Pentingnya Memahami Muhammadiyah Sejak Dini
Haedar menegaskan bahwa pengalaman yang diperoleh saat bergerak dalam IPM membentuk pemahaman mendalam tentang Muhammadiyah. Organisasi ini bukan hanya sekadar wadah, melainkan juga fondasi utama bagi segala aktivitas pergerakan. Oleh karena itu, para kader IPM diharapkan mampu menginternalisasi nilai-nilai Muhammadiyah sejak dini.
Kader IPM: Unggul dalam Kemuhammadiyahan dan Cerdas Berilmu
Dalam pesannya, Haedar Nashir menekankan perlunya kader IPM memiliki keunggulan dalam kemuhammadiyahan. Keunggulan ini menjadi harapan besar bagi organisasi. Ia menyarankan agar kader IPM:
- Mengedepankan ilmu dan kecerdasan.
- Membawa misi organisasi ke berbagai lapisan masyarakat secara persuasif.
Haedar menginspirasi kader untuk menjadi "ulil albab", yaitu pribadi yang mampu mengamati berbagai perspektif, mengkaji, dan memahami secara mendalam. Untuk mencapai tingkatan ini, penanaman pemahaman mendalam terhadap nilai-nilai dasar menjadi esensial.
Pesan Al-Quran dan Sunnah Sebagai Fondasi Dinamis
Nilai-nilai dasar yang dimaksud Haedar bersumber dari Al-Quran dan sunnah. Ia mengingatkan bahwa nilai-nilai ini tidak boleh hanya dianggap sebagai norma statis. Sebaliknya, diperlukan pemahaman yang luas dan ilmiah terhadap ajaran tersebut agar dapat diimplementasikan secara relevan dalam setiap gerakan.
IPM Sebagai Pelopor dan Penyempurna Amanah
Haedar juga mengingatkan agar pergerakan IPM harus lebih dinamis dan progresif, jauh dari kesan pasif. Ia mengamanahkan bahwa kader IPM adalah:
- Pelopor: Berani memulai perubahan positif.

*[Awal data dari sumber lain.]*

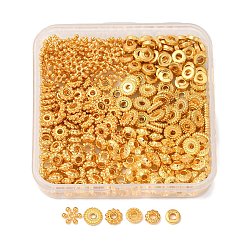 Золотой 300 шт 6 стили сплава распорные бусины, диск, пончик и биконус, разнообразные, золотые, 6~7 мм, отверстие : 1~2.5 мм, 50 шт / стиль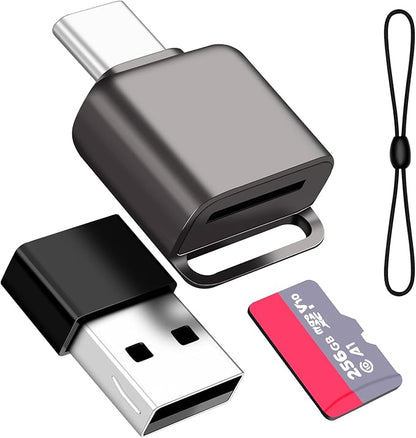 Micro SD Card Reader, BORLTER CLAMP TF Card Reader USB C 3.0 to TF/Micro SD with Type C to Type A Adapter for MacBook, Laptop, Android Phone, Grey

- Pelangsung: Meneruskan estafet perjuangan dengan semangat baru.
- Penyempurna amanah: Berkontribusi melengkapi dan meningkatkan capaian generasi sebelumnya.
Dengan demikian, IPM diharapkan terus melahirkan generasi yang lebih baik dari generasi sebelumnya, membawa kemajuan bagi Muhammadiyah dan masyarakat.